Events & News

In Memoriam: Bob Silman

February 1, 2019 | Contributed by Kent Diebolt, founding partner of Vertical Access and former Archive Project board member.

Bob Silman and I met in late 1995, just as I was beginning to find my way into the New York City market. As we became friends, Bob and his wife Roberta (it is very difficult to talk about one without the other) were very supportive of my efforts and were also interested in my entire family and always asked after my children, one of whom, Hannah, eventually worked one summer in the old RSA office on University Place while she was in high school. For Bob and Roberta, work was important and rewarding, but family was always first. Bob and Roberta were a down-to-earth, elegant couple who could readily finish each other’s sentences without ever speaking over each other. They both exhibited a deep sense of curiosity with an autodidactic sensibility combined with warmth, grace, and elegance.

Bob was diagnosed with multiple myeloma years before we met and he lived every day with gusto and purpose. He was one of the most purposeful and “present” people I have ever met, and he was unfailingly respectful and kind to everyone. He was particularly interested in developing the careers of younger people and was instrumental in launching the careers of many recent college graduates. His interests and activities were broad and deep and included, among many other things, his garden. Bob was both an urbane New Yorker and a man of the soil.

Bob was a natural engineer, grounded in the humanities, whose life serves as an exemplar of the value of a liberal arts education. This rare combination of backgrounds and interest made him an extraordinary problem-solver with a gift for explaining his solutions in clear, lucid terms accessible to all. The same combination led him to and enabled his interest in the philosophy of technology, which he lectured on widely, at conferences and in classes he taught at Columbia, Yale and Harvard.

Bob was considered a dean of preservation engineering, and his highly regarded opinions were widely sought and often followed.
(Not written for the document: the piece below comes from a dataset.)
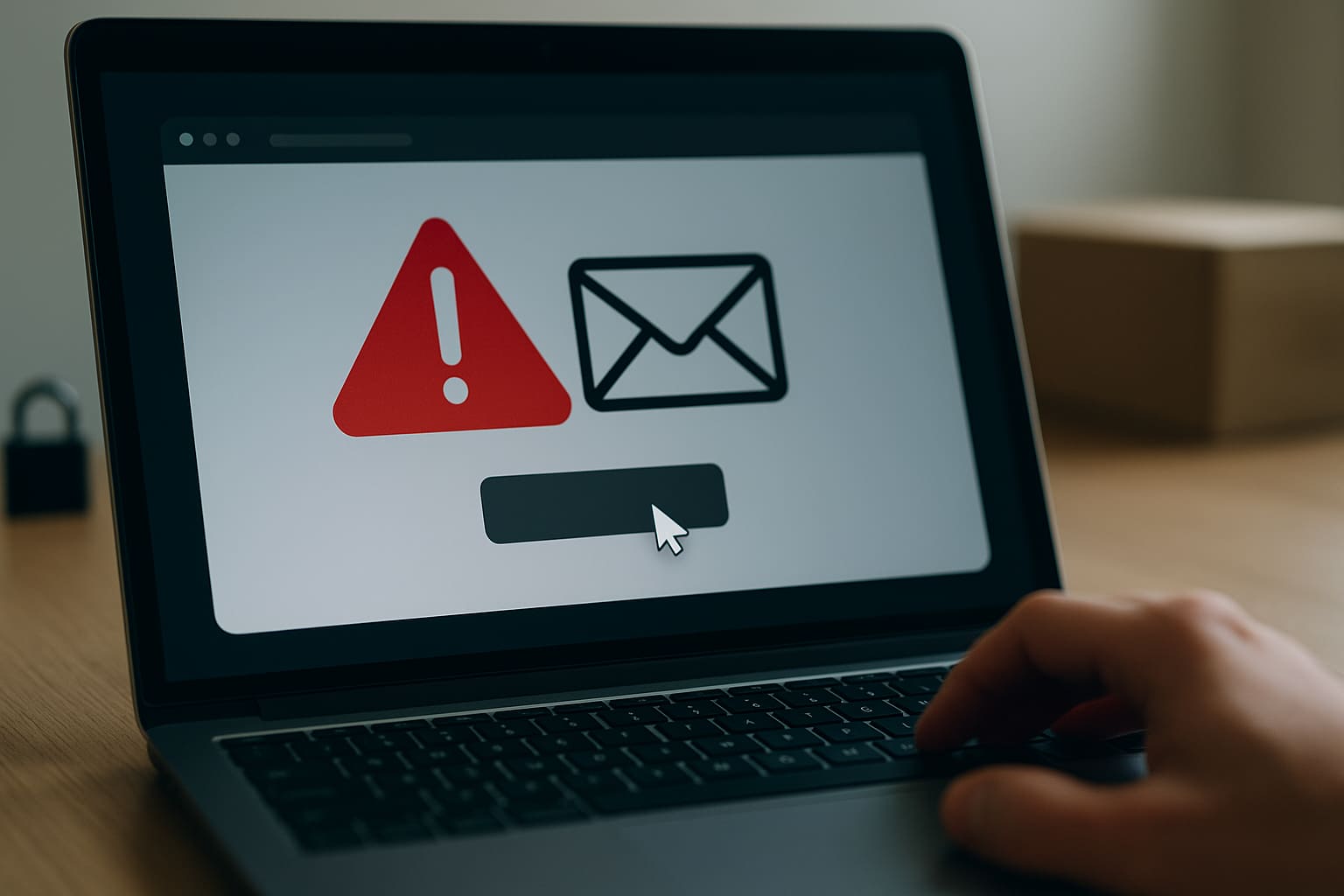 hosting-email-scam hosting-email-scam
Arguments in favor of a project were based on technical viability and constructability, framed by the humanistic grounds for saving, renovating, or re-purposing historic buildings in place. It is fair to say that without Bob’s considered opinions on the Corbin Building in Lower Manhattan, the TWA terminal at JFK, and the Survivor’s Staircase at the World Trade Center site, they would likely have been lost to future generations.

Bob’s legacy and soul live on through his family and friends and the many lives he touched as a mentor and gifted teacher in his consulting business. There is a poster in the Silman office with a black and white photo of a grinning Bob associated with the phrase WWBD? “What Would Bob Do?” is a question that many of us whose lives Bob graced will continue to ask ourselves in our professional and personal lives. Thank you from all of us, Bob and Roberta, for your generous spirit, your friendship and support.